10月


24日
アントニー・レーウェンフック(Antonie Leeuwenhoek)

(1632-1723年)

オランダの博物学者

オランダのデルフトに生まれました。父親は醸造家であったが早く死に、母の手で育てられました。16歳で学校を中退し、アムステルダム市の乾物屋の雑役人となった。

その後、イッポリトスブルト通りにある「ヘット・ホウデン・ホーフト(黄金の頭)」という名前の家を1654年に購入しています。彼は、購入資金の支払いのため布商人になり、1階に布屋を開いています。彼は様々な発見をこの「黄金の頭の家」で行ない、また同じ家で国内外の様々な要人を客として迎えた。その中にはロシアのツァー、ピョートル大帝も含まれていました。

彼は、レンズを磨くことが好きで、独学できわめて簡単な顕微鏡を造り上げています。その拡大力は、270倍に達したようで。彼はこの顕微鏡を使って、歯垢や汚水などの検査をし、種々の形態をした微細な生き物、すなわち、細菌を視て独りで楽しんでいました。彼は毎朝食塩で綺麗に歯を磨いていたのですが、それでも、その歯垢に小さな生きた動物が生活しているといって喜んでいたそうです。

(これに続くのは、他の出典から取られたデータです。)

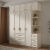 梵晟豪2024新款法式奶油风轻奢实木质柜子衣柜家用卧室小户型现代简约成 2门衣柜(总长:0.8米)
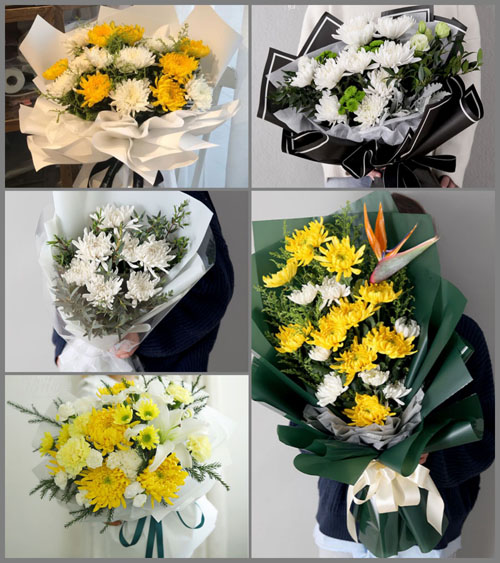 湖南永州零陵区富家桥镇板栗江村白事花束代送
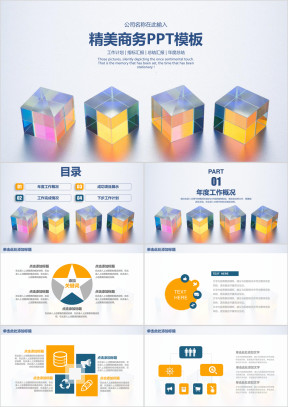 精美简约商务通用总结汇报ppt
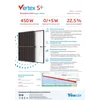 Aurinkosähkömoduuli PV-paneeli 450Wp Trina Vertex S+ TSM-450-NEG9R.28 N-tyypin musta kehys musta kehys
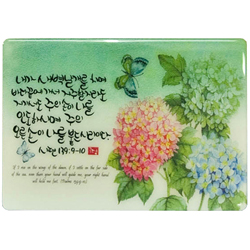 말씀 꽃 액자 - 새벽 날개 (K-0037) (고급형: 벽걸이,탁상 겸용)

彼は自作の顕微鏡を使って、微生物のほかにも多くの細胞構造を記録し、1674年には彼は、なんと精子を発見し、その役割も明らかにしています。彼が精子の第1発見者なのです。また、赤血球や細菌、原生動物、担輪虫、植物細胞、菌類についても記述しています。しかし、同時代の人の多くは彼のことを空想力豊かな物好きとして片づけてしまいました。そして、彼の洞察も偉大な発見も無視されてしまったのです。(微生物の概念が広く受け入れられるようになるには、彼の生きた時代からはるか後の19世紀中ごろのパスツールの時代を待たなくてはいけません)

彼は85歳の時に、もう高齢なのだから顕微鏡をのぞく事を止めて楽隠居でもしたらどうですかと友人が彼に勧めると、彼は目を円くして「最も実り多い時期というのに、隠居!」と答えたといわれています。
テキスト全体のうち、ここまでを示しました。